DATA SECTION -
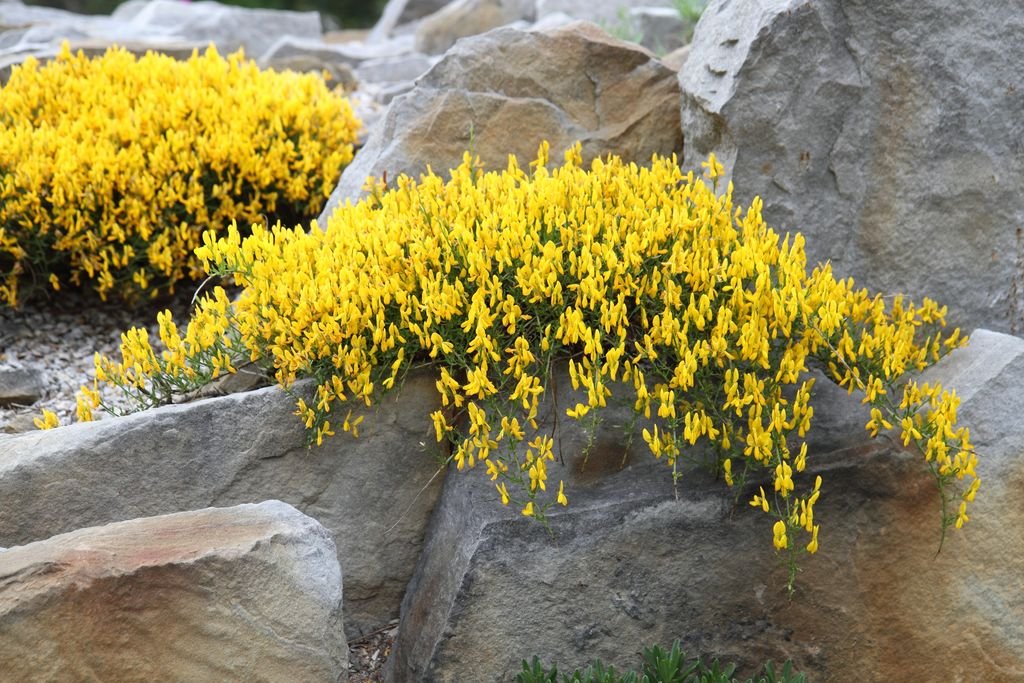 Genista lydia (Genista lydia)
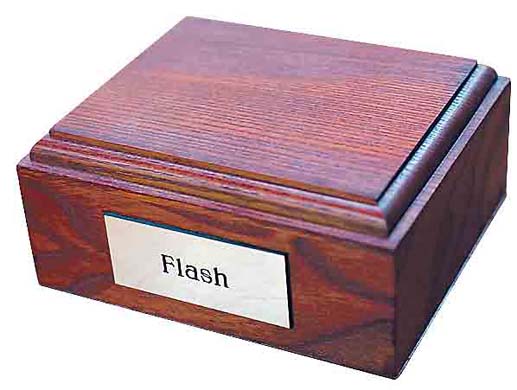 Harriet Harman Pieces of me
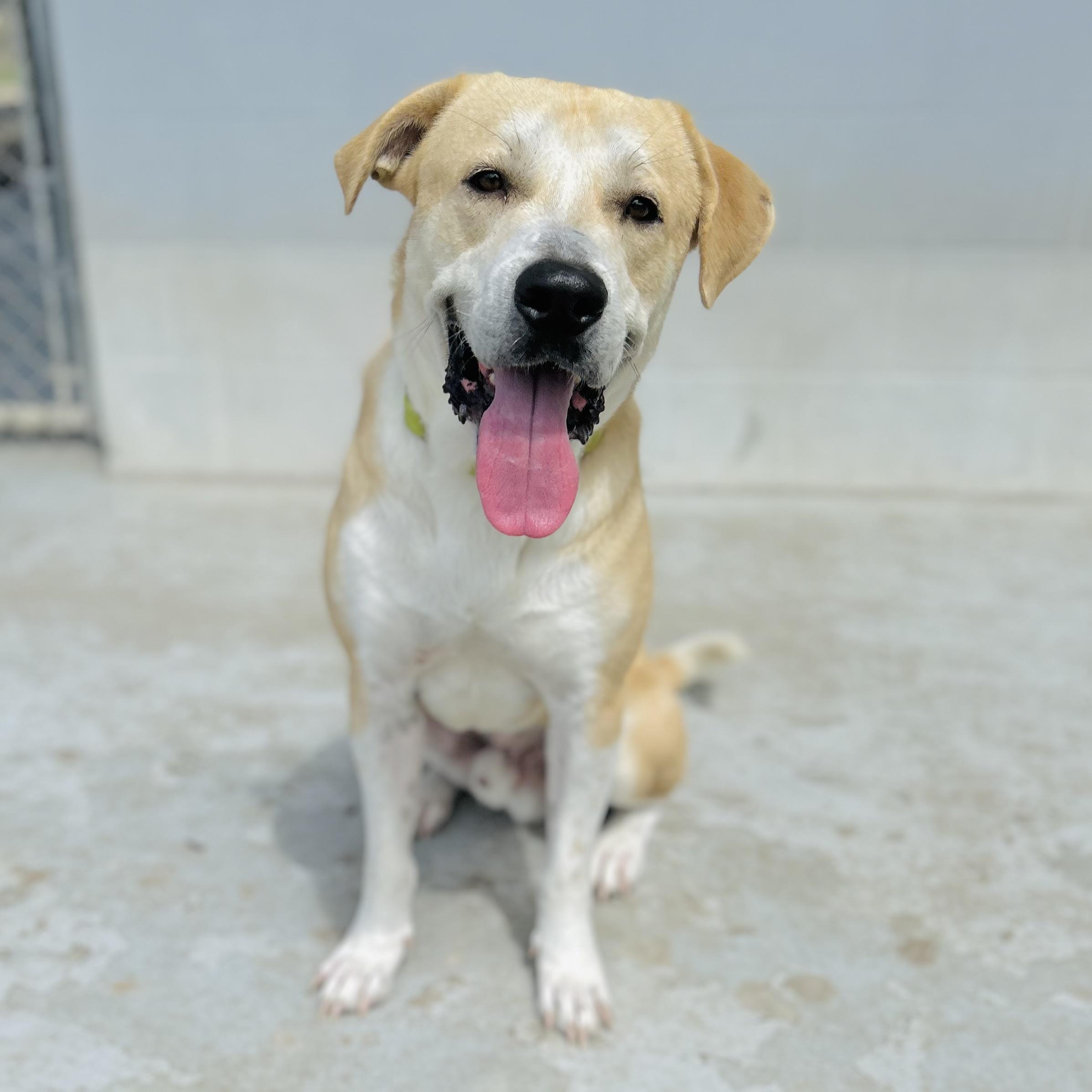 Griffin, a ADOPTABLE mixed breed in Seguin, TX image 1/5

THE TASK - Make an exact copy of all the material, but keep the pictures out of it.

EXERCISE SOLUTION -
 Genista lydia (Genista lydia)
 Harriet Harman Pieces of me
 Griffin, a ADOPTABLE mixed breed in Seguin, TX image 1/5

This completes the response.